And S1022, calculating the equal error rate of each frequency band of the filtered palm print image, and taking the corresponding frequency band with the equal error rate smaller than a preset threshold value as a second alternative frequency band.
After the palm print image passes through a Gabor Filter, a gray level image which is subjected to coding is obtained, each pixel in the image is coded into a 3-bit (bit) digital code, any two palm print images can be converted into a Gabor Filter Map firstly, and then the Hamming distance between the two palm print images, namely the matching value of intra-class or inter-class matching is calculated, so that the EER is obtained through calculation.
Since lower EER indicates higher accuracy of the identification system, after calculating the equal error rate of each frequency band, the corresponding frequency band with the equal error rate smaller than the preset threshold value may be used as the second candidate frequency band. As shown in fig. 3, the relationship between the different frequency bands and the equal error rates thereof can be seen from fig. 3 that the equal error rates are relatively low in the frequency band with the wavelength between 580nm and 1080nm, and therefore, as an embodiment of the present invention, the frequency band with the wavelength between 580nm and 1080nm can be used as the second candidate frequency band.

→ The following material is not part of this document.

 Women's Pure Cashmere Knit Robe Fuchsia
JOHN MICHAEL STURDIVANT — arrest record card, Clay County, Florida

S103, according to a k clustering algorithm, calculating a plurality of well-clustered frequency band clusters from the overlapped part of the first candidate frequency band and the second candidate frequency band, wherein the frequency band corresponding to the center of the well-clustered frequency band clusters is used as the frequency band finally used for palm print identification.

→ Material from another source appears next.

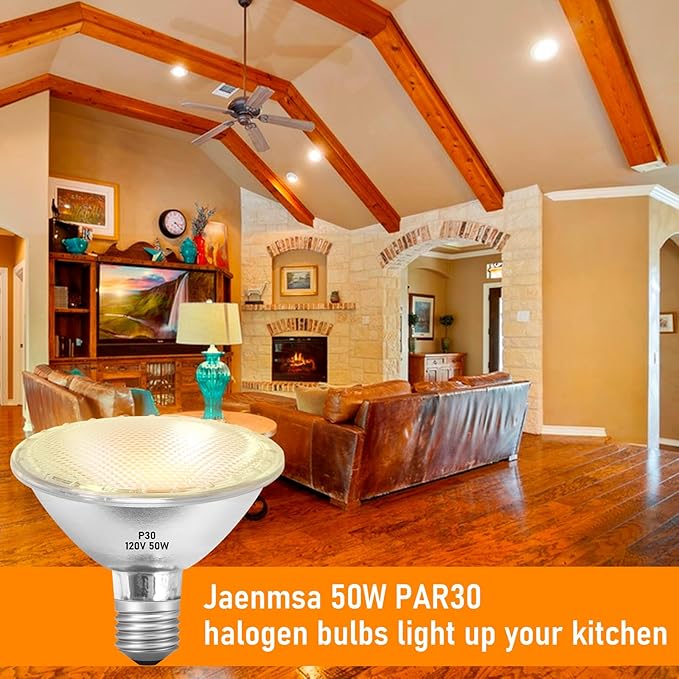 Par30 Halogen Light Bulbs 50W 120V, Short Neck Par30 Flood Light Bulbs,Dimmable 2700K Warm White, 6Pcs Halogen Bulbs E26 Base for 5-6in Recessed/Ceiling Cans/Accent/Tracking Lighting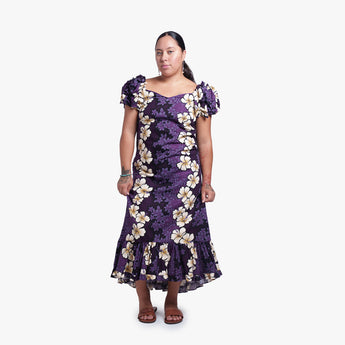 Blossoming Hibiscus Shirred Sleeve Muu Muu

The K-Means algorithm is an unsupervised learning method and can reveal the relation between each frequency band. The purpose of the embodiment of the present invention is to select a frequency band that contains more information and has a lower error rate for palm print recognition, so that the first candidate frequency band and the second candidate frequency band mentioned in the foregoing embodiment, for example, the frequency band with a wavelength between 590nm and 1020nm illustrated in fig. 2 and the frequency band with a wavelength between 580nm and 1080nm illustrated in fig. 3, and the overlapping portion, i.e., the frequency band with a wavelength between 580nm and 1020nm, can take into account the advantages of both containing more information and having a lower error rate, so that a plurality of well-clustered frequency bands can be calculated from the frequency band with a wavelength between 580nm and 1020nm according to a k-clustering algorithm.

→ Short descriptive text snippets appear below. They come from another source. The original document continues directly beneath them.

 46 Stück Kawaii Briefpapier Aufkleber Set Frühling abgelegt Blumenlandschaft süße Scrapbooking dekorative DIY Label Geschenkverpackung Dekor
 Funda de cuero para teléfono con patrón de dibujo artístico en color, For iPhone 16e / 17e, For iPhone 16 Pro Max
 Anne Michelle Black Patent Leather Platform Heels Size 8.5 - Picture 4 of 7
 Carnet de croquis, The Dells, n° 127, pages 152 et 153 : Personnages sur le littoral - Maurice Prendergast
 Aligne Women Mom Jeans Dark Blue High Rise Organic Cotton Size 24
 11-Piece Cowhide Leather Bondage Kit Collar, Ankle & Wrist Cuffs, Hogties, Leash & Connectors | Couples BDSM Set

As an embodiment of the invention, there are 45 frequency bands in the frequency band with wavelength between 580nm to 1020nm, according to K clustering (K-Means) algorithm, these 45 frequency bands are clustered into 4 kinds, the center is the frequency band corresponding to 600nm, 770nm, 850nm and 1000nm respectively; the calculation process and the result of the algorithm show that the 4 classes are well clustered frequency bands, and the frequency band corresponding to the center of the 4 classes is used as the frequency band finally used for palm print identification. The good clustering means that in the k clustering algorithm process, when the clustering number is set to be 4, four values are randomly selected from frequency bands with the wavelength of 580nm to 1020nm as initial clustering centers, and the sum S of Hamming distances between each frequency band and the class centers in the class is selected to measure the good clustering condition. With the different values of the centers of the four classes, the obtained S values are different, and when the S values are not changed, the stable centers of the k clusters, namely 4 frequency bands corresponding to 600nm, 770nm, 850nm and 1000nm, can be found. At this time, the combination of these 4 bands is optimal, which is the most appropriate band for palm print recognition.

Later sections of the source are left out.